Elder statesmen of hip-hop Wu-Tang Clan recently released a new album, Once Upon a Time In Shaolin. The 31-track LP took the group over nine years to record. You probably haven’t heard anything off the album, and you very well may never. The rap super group decided, in a move that speaks more to their desire to desperately stay in the headlines than a desire to make music, to only release one copy of the album.
Yea. RZA, GZA, and the rest of the rogues gallery of rappers you didn’t know were still rapping have just sold the one copy of Shaolin after months of legal back and forth. A private American collector reportedly paid “millions” for this embodiment of artificial scarcity and, as per the terms of the sale, he or she won’t be allowed to release the tunes to the public for another 88 years. At that point, we’ll all be listening to whatever fresh new sounds are coming from the Mars colonies and boom bap rap might be a little passé.

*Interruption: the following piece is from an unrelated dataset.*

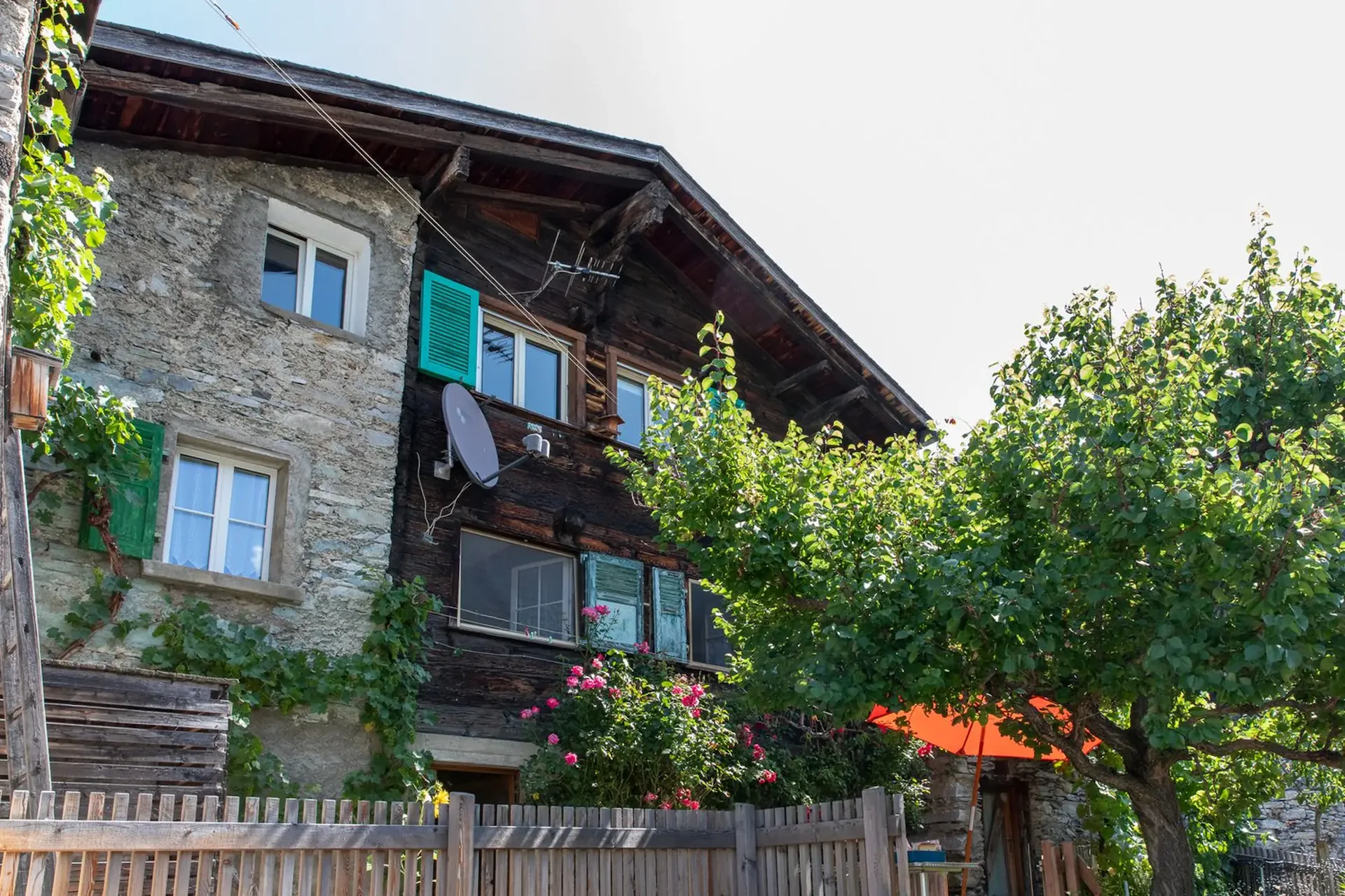 3.5-room apartment in Hohtenn – Historic charm with private garden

A Kickstarter group made a valiant attempt to shore up enough funds to purchase the album and make it available through public domain. Their stated goal was to prevent “some billionaire's kid spending his dad's money to collect a trophy and then he'll keep the album to himself and fans the world over will suffer.” Funny how things worked out.
This coming hot on the trail of news about Adele breaking the single-week US album sales record, set over 15 years ago by *NSYNC’s No Strings Attached, should show that just because you made the most doesn’t mean you’ve “won.”
The sale of Shaolin sets a new record for the most expensive single album, a title previously held by an acetate recording of Elvis’ first song, bought by Jack White.
“The Wu-Tang Clan have always been driven by innovation, and this marks another moment in musical history,” cofounder RZA said in a press release about the album. What sort of moment this will be remains to be seen.